Des multinationales au service des sanctions politiques des Etats

Des multinationales au service des sanctions politiques des Etats
Les entreprises Visa International et Mastercard se sont distinguées les premières en 2010 en bloquant les paiements de l'organisation Wikileaks. Les raisons invoquées ? Une forme de "patriotisme d'entreprises privées". Patriotisme qui voulait, que si le gouvernement américain était furieux de voir ses secrets les plus inavouables exposés mondialement par la petite organisation de Julian Assange, les dites entreprises allaient aider leur gouvernement à "la faire taire". Aujourd'hui, c'est Apple qui fait du zèle auprès de l'administration Obama dans le cadre des sanctions envers la république d'Iran. Depuis plusieurs jours, des clients de nationalité iranienne ou d'origine iranienne se sont vus refuser la vente de matériels dans plusieurs boutiques Apple aux Etats-Unis.
L'origine supposée des clients comme critère de refus de vente
L'embargo du gouvernement américain envers l'Iran s'amplifie avec le refus de Téhéran d'abandonner son programme nucléaire. Il touche de nombreux produits, dont le pétrole, et est avant tout une décision multilatérale, de pays membres de l'ONU : la plupart du temps il concerne des matières premières précises ou des services bancaires.
Avec l'affaire des refus de vente d'Apple dénoncée par le New York Times, comme pour Visa avec Wikileaks, c'est une toute autre démarche qui est à l'oeuvre que celle des sanctions "classiques" d'Etats à Etats. Ici, c'est une entreprise privée, Apple,qui décide de punir certains de ses clients vis-à-vis de leur origine (iranienne) supposée afin de devancer la volonté du gouvernement américain. C'est ainsi qu'une jeune femme de 19 ans, désireuse d'acheter un Ipad s'est vue demander par le vendeur de la firme à la pomme si il l'avait bien entendu parler en persan. La réponse positive de l'acheteuse( potentielle) de la tablette numérique a inspiré cette réponse au vendeur de l'Apple Store : "désolé, nous ne vendons pas aux personnes originaires de l'Iran, nos pays n'ont pas de bonnes relations".
Cette discrimination à la vente pourrait être l'acte isolé d'un vendeur zélé et patriote, mais d'autres cas ont été recensés dans d'autres boutique Apple : la multinationale de l'informatique semble bien avoir donné des instructions à ses vendeurs afin d'empêcher les ventes auprès de citoyens d'origine iranienne, citoyens américains qui dénoncent cette pratique, en réalité illégale. (voir reportage en encadré).
Apple se réfugie derrière sa politique de vente à l'exportation calquée sur le droit américain : l'Iran fait partie des pays sous interdiction d'exportation, et il est aujourd'hui interdit d'embarquer dans un avion américain à destination de ce pays en possession d'un téléphone mobile ou d'un ordinateur.
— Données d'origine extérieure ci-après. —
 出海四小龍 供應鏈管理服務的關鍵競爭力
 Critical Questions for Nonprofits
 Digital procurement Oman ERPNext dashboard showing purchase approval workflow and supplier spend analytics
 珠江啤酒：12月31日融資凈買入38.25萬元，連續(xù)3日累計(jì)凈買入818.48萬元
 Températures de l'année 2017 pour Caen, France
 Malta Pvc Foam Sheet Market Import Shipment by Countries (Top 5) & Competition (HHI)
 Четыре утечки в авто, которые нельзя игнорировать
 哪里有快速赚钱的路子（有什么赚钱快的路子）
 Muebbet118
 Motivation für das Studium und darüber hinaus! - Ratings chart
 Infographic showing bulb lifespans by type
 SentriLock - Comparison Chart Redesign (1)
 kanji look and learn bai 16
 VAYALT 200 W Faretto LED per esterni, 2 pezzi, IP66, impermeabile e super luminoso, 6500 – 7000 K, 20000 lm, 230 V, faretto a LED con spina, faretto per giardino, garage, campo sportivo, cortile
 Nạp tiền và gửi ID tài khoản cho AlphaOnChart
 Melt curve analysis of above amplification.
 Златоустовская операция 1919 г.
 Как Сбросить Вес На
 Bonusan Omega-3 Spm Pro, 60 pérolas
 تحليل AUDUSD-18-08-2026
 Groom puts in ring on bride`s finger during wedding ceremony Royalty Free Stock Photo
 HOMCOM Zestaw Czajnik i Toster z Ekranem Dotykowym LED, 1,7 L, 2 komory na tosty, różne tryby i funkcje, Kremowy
De là à pratiquer des des refus de vente discriminatoires sur le territoire des Etats-Unis, il n'y a qu'un pas, que le constructeur semble avoir franchi. 
Sanctions internationales : à quoi jouent les grandes entreprises ?
Sur le site d'Apple, liste des pays non autorisés pour exportation
Les géants de l'informatique au service de l'étouffement des peuples ?
Le paradoxe est complet quand on sait comment les firmes technologiques surfent sur la vague de la libération des peuples grâce à l'informatique et au réseau Internet : Google, par exemple, était en pointe sur la défense de la liberté d'expression en affichant son refus des récentes lois de surveillance ou de censure du web, telles PIPA ou SOPA. Mais Google, pour autant, refuse l'ouverture de ses services aux adresses internet (adresses IP) provenant d'Iran. L'Iran, dont la population a inspiré les printemps arabes, en 2009, grâce aux réseaux sociaux, aux site de publication vidéo et à l'utilisation de l'informatique en réseau en général. Yahoo pratique la même politique en interdisant aux adresses IP iranienne de bénéficier de ses services : comment ces entreprises peuvent-elles ensuite venir faire l'apologie de leurs outils pour la diffusion de l'information, la liberté d'expression et l'aide qu'elles procurent pour la libération des peuples opprimés avec de tells pratiques ? 
Pour Fabrice Epelboin, l'un des fondateurs de l'ATLN (Association Tunisienne des Libertés Numériques), "il faut être optimiste, et un brin cynique : ces entreprises reposent sur une image qui pourrait être détruite de façon irrémédiable si elles se retrouvaient dans la situation de Bull  ou de Cisco - des entreprises qui ont aidé à la torture et à la mort de dizaine de milliers de personnes. Contrairement à Bull, l'image de Google souffrirait beaucoup d'un tel scandale, et cela aurait de très lourdes conséquences sur leur business et leur cours de bourse. Ces deux entreprises (Google et Yahoo, NDLR) ont par le passé franchi la ligne jaune et collaboré avec les services de répression de dictatures (la Chine surtout, NDLR), il n'est pas impensable qu'elles aient compris la leçon." 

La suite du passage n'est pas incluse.